Could you return, exactly as written, only the lines from the one holding "Thumbnail 1 in" through the final line of the records below?

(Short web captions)
BEGIN

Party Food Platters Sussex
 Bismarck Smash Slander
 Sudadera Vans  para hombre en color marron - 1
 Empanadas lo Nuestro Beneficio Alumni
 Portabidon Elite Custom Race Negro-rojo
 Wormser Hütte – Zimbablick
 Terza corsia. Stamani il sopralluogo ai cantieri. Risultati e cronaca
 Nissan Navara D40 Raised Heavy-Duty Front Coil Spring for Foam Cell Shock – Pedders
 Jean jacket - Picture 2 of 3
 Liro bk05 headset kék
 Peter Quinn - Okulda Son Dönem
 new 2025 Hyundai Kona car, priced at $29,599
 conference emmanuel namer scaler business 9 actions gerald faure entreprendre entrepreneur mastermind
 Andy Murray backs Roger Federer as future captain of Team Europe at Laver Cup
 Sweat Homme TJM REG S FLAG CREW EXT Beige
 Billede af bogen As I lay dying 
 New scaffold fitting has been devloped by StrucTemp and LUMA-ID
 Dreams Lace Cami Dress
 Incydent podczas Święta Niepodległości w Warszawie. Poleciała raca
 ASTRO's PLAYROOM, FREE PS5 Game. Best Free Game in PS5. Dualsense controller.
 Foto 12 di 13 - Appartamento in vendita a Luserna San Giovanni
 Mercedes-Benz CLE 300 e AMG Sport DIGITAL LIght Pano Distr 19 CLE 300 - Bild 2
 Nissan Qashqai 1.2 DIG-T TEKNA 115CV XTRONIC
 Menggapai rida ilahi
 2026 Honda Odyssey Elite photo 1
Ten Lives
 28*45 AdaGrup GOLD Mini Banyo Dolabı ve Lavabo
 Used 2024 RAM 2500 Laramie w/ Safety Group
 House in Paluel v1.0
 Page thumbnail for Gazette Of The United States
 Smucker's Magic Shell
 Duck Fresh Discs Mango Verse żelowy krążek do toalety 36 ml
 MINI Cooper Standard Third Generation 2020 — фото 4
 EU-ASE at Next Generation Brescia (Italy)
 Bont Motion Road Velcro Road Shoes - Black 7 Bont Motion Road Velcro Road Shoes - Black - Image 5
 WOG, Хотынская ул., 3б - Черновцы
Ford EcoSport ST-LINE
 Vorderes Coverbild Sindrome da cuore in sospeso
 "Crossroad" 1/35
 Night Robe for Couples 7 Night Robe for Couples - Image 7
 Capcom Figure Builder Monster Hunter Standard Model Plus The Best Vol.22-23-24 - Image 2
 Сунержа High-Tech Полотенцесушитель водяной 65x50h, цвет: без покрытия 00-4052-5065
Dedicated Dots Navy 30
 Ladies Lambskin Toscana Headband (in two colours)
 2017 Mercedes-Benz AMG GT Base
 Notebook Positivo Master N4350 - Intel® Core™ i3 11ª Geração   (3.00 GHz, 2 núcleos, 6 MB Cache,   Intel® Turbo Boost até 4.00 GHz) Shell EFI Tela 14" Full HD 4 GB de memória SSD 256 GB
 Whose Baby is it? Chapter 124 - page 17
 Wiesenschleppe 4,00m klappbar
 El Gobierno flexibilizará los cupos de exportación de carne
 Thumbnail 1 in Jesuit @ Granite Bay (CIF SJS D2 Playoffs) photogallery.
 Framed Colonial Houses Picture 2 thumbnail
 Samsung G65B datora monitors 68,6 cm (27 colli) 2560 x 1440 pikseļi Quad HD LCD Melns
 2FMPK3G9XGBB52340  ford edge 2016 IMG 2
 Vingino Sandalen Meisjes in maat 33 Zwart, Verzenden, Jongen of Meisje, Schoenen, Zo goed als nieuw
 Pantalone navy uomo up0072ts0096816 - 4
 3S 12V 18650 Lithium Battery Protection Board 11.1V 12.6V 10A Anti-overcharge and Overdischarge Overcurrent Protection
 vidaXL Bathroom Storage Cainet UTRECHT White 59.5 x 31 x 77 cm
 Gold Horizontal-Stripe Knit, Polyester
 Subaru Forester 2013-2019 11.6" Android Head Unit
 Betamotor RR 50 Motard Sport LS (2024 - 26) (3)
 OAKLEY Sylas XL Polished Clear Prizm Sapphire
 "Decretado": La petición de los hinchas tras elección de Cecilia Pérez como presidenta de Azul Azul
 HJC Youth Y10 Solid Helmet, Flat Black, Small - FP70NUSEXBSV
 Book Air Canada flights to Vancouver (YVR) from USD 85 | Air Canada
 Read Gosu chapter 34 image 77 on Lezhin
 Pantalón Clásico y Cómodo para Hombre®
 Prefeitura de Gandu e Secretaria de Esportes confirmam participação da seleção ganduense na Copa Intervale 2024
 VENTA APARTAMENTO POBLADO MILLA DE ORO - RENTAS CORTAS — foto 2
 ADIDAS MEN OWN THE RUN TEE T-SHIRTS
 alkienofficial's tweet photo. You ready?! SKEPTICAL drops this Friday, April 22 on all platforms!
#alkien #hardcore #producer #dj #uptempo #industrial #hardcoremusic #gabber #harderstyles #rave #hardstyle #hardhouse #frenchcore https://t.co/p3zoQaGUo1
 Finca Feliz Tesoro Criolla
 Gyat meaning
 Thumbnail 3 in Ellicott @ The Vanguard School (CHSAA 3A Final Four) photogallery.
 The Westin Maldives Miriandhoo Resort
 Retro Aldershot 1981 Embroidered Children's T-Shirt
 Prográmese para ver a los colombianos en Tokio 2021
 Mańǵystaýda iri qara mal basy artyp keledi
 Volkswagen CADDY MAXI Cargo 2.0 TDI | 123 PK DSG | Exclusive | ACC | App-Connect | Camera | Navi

END

■ Response for this exercise
 Thumbnail 1 in Jesuit @ Granite Bay (CIF SJS D2 Playoffs) photogallery.
 Framed Colonial Houses Picture 2 thumbnail
 Samsung G65B datora monitors 68,6 cm (27 colli) 2560 x 1440 pikseļi Quad HD LCD Melns
 2FMPK3G9XGBB52340  ford edge 2016 IMG 2
 Vingino Sandalen Meisjes in maat 33 Zwart, Verzenden, Jongen of Meisje, Schoenen, Zo goed als nieuw
 Pantalone navy uomo up0072ts0096816 - 4
 3S 12V 18650 Lithium Battery Protection Board 11.1V 12.6V 10A Anti-overcharge and Overdischarge Overcurrent Protection
 vidaXL Bathroom Storage Cainet UTRECHT White 59.5 x 31 x 77 cm
 Gold Horizontal-Stripe Knit, Polyester
 Subaru Forester 2013-2019 11.6" Android Head Unit
 Betamotor RR 50 Motard Sport LS (2024 - 26) (3)
 OAKLEY Sylas XL Polished Clear Prizm Sapphire
 "Decretado": La petición de los hinchas tras elección de Cecilia Pérez como presidenta de Azul Azul
 HJC Youth Y10 Solid Helmet, Flat Black, Small - FP70NUSEXBSV
 Book Air Canada flights to Vancouver (YVR) from USD 85 | Air Canada
 Read Gosu chapter 34 image 77 on Lezhin
 Pantalón Clásico y Cómodo para Hombre®
 Prefeitura de Gandu e Secretaria de Esportes confirmam participação da seleção ganduense na Copa Intervale 2024
 VENTA APARTAMENTO POBLADO MILLA DE ORO - RENTAS CORTAS — foto 2
 ADIDAS MEN OWN THE RUN TEE T-SHIRTS
 alkienofficial's tweet photo. You ready?! SKEPTICAL drops this Friday, April 22 on all platforms!
#alkien #hardcore #producer #dj #uptempo #industrial #hardcoremusic #gabber #harderstyles #rave #hardstyle #hardhouse #frenchcore https://t.co/p3zoQaGUo1
 Finca Feliz Tesoro Criolla
 Gyat meaning
 Thumbnail 3 in Ellicott @ The Vanguard School (CHSAA 3A Final Four) photogallery.
 The Westin Maldives Miriandhoo Resort
 Retro Aldershot 1981 Embroidered Children's T-Shirt
 Prográmese para ver a los colombianos en Tokio 2021
 Mańǵystaýda iri qara mal basy artyp keledi
 Volkswagen CADDY MAXI Cargo 2.0 TDI | 123 PK DSG | Exclusive | ACC | App-Connect | Camera | Navi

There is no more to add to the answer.